[[ Source material open ]]

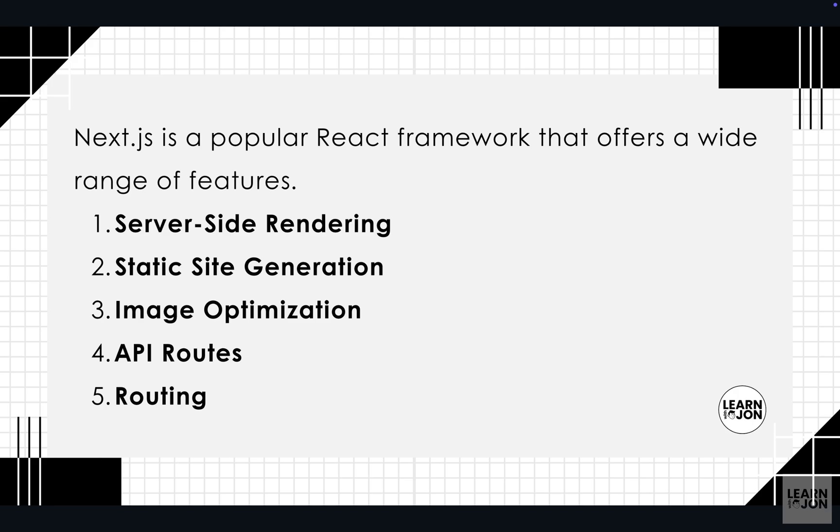server-side rendering, static site generation, image optimization, API routes, and routing. All of these features, including many more, are built into Next.js, and through building our application we will learn some of these features.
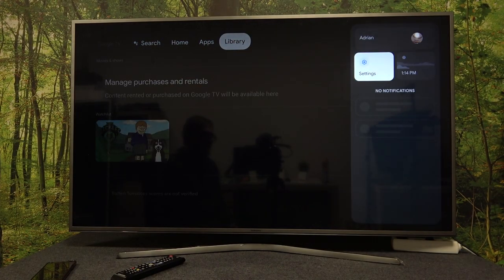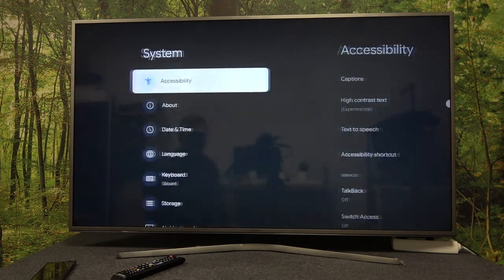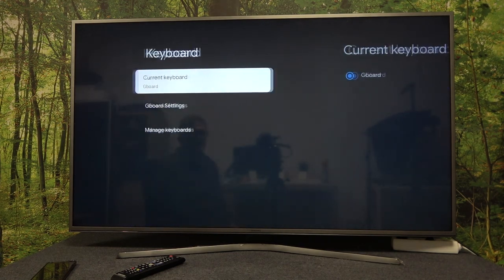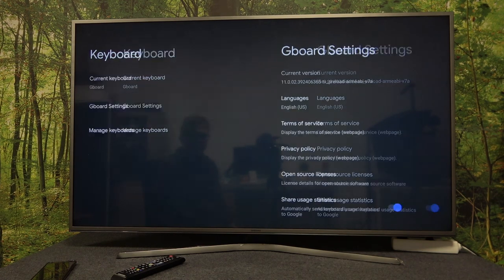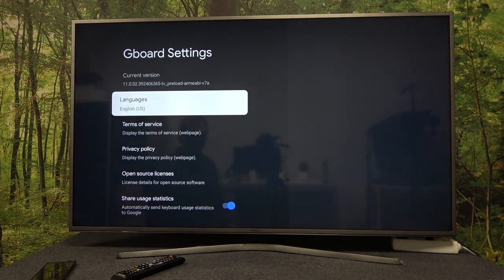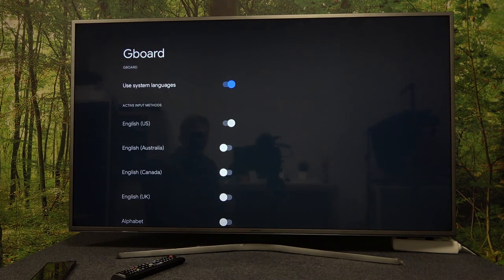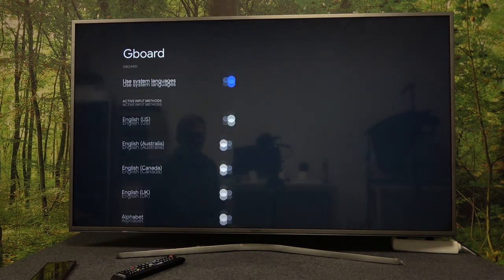To do this, navigate to your right to open the Settings, scroll down to System, find the Keyboard, and select the Gboard settings. Here you'll find the Languages option — click on it to change or add any available languages for this specific keyboard.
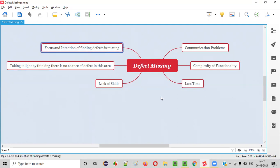The last reason, that is focus and intention of finding defects. If testers have all this stuff but they don't have enough focus or intention - they should have a lot of determination in finding the defects. Testers should be fueled with a lot of determination in finding the defects. If that determination is not there, focus will not be there. They cannot focus.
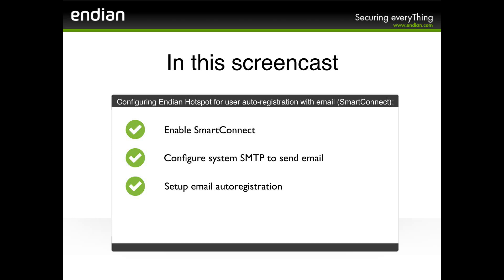Hello! In this screencast, we'll see how to configure SmartConnect, the Endian Hotspot self-service portal managing the user's free self-registration procedure by email.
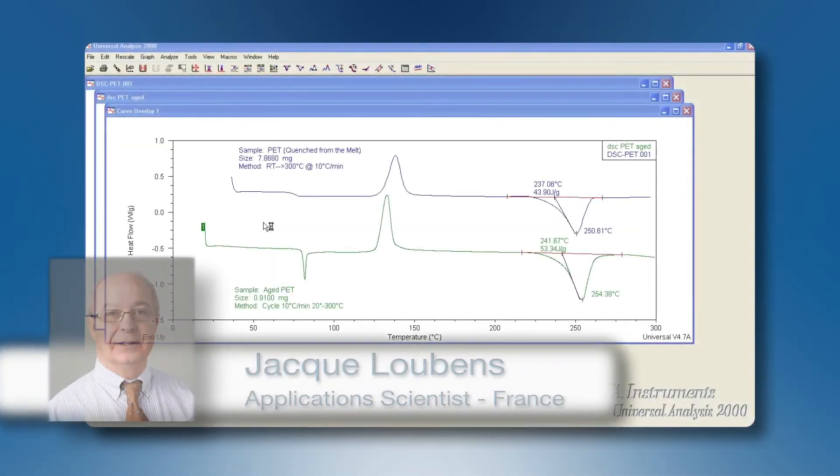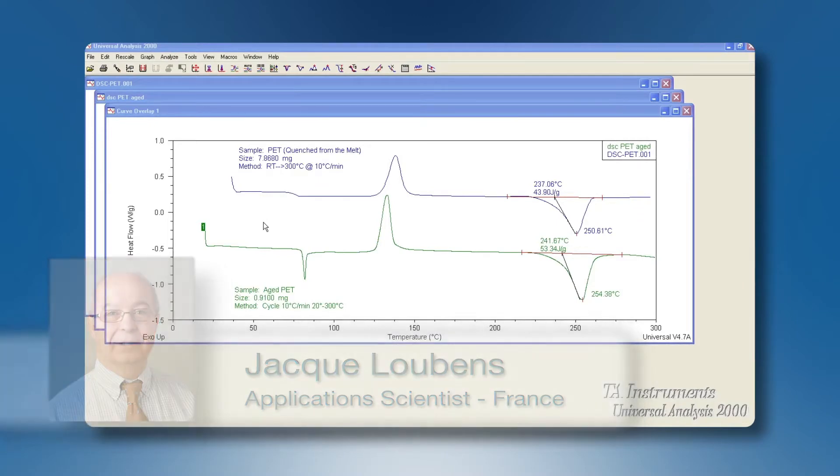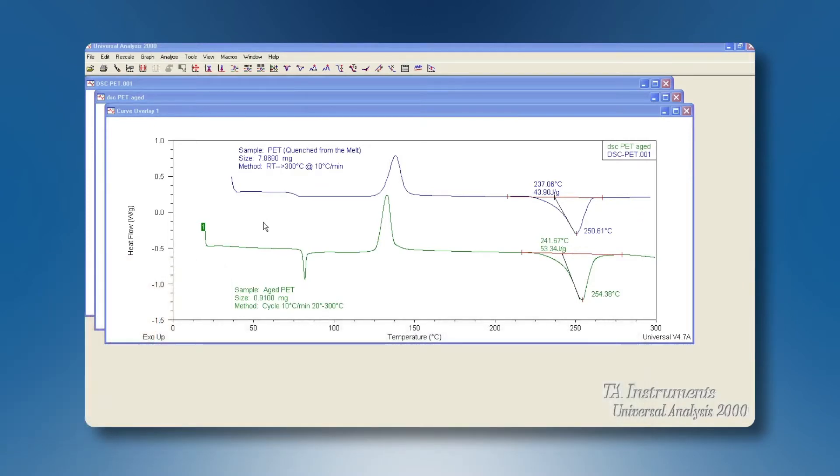In this tech tip we'll explain how to generate a custom report from Universal Analysis Data. Universal Analysis will for instance show here a 2DSC file with an overlay plot.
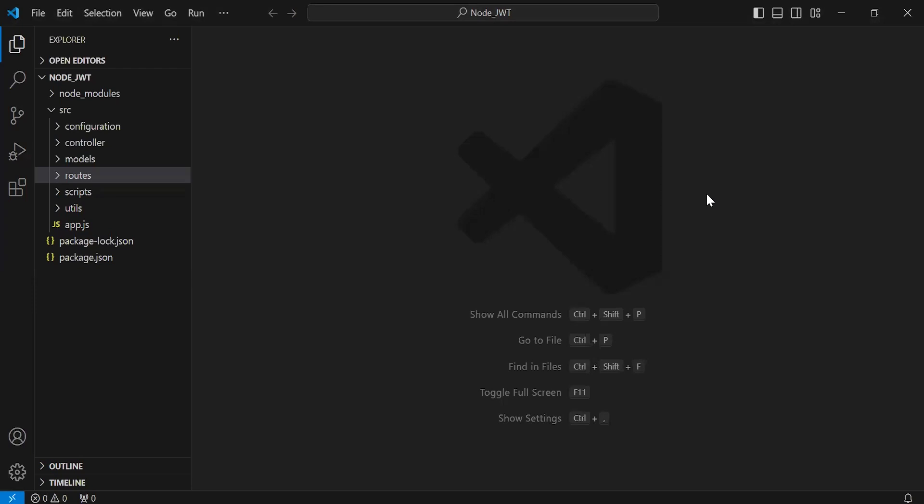Hello viewers, hope you're doing well. Today in this video I'm going to create a method to authenticate the token in Node.js. Let's get started.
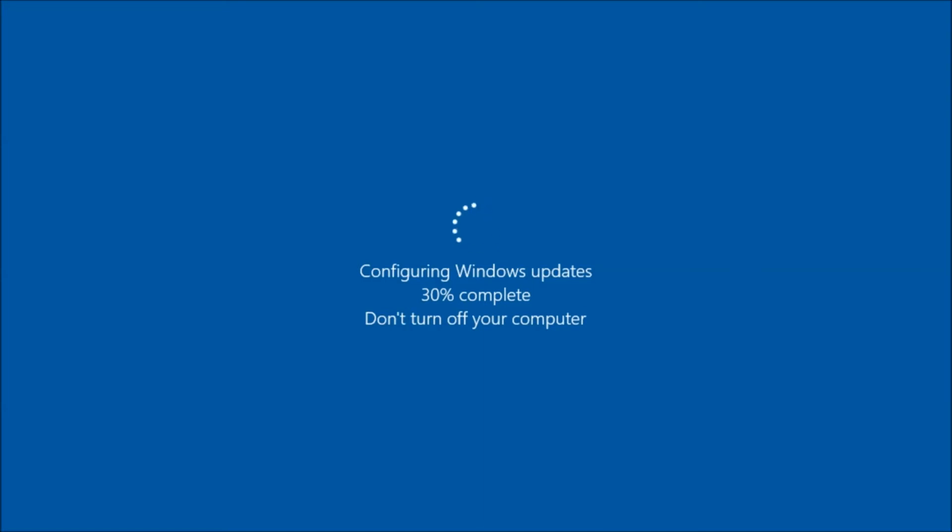You should see the configuring Windows update screen before and after your PC reboots.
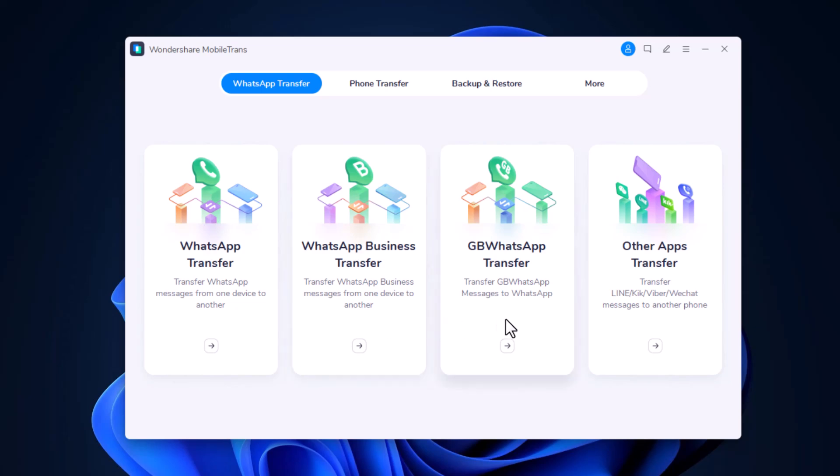It also supports WhatsApp Business, Line, Viber, Kik, and WeChat as well.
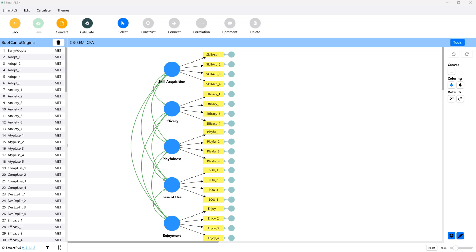In this video, I'm going to walk you through how to check convergent validity and reliability in SmartPLS CBSEM.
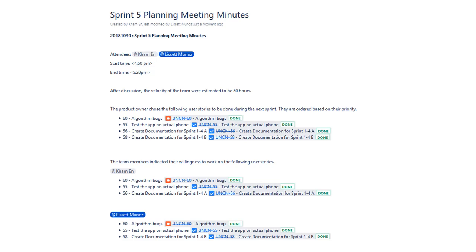During this discussion we determined that the velocity of the team would be about 80 hours. We decided that we would fix the algorithm bugs, test the application on an actual phone, and finish creating the documentation for Sprint 1 through 4 since we hadn't completed Sprint 4's at this point since we just finished it.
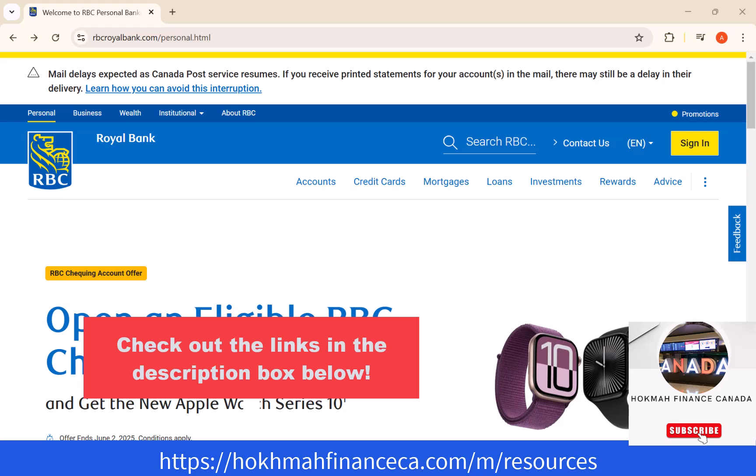Hey guys, this is Hokema Finance Canada. In this video, we will learn how to increase daily transaction limits on RBC online banking. We will also include links for some of the banking products we recommend in the description below.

[[ Source material closed ]]

■ **What this task involves**
Only the lines from the top of the records through the line with "Hello! In this" belong in the copy; write them out exactly, leaving out pictures.

■ **Exercise solution**
server-side rendering, static site generation, image optimization, API routes, and routing. All of these features, including many more, are built into Next.js, and through building our application we will learn some of these features.
To do this, navigate to your right to open the Settings, scroll down to System, find the Keyboard, and select the Gboard settings. Here you'll find the Languages option — click on it to change or add any available languages for this specific keyboard.
The last reason, that is focus and intention of finding defects. If testers have all this stuff but they don't have enough focus or intention - they should have a lot of determination in finding the defects. Testers should be fueled with a lot of determination in finding the defects. If that determination is not there, focus will not be there. They cannot focus.
Hello! In this screencast, we'll see how to configure SmartConnect, the Endian Hotspot self-service portal managing the user's free self-registration procedure by email.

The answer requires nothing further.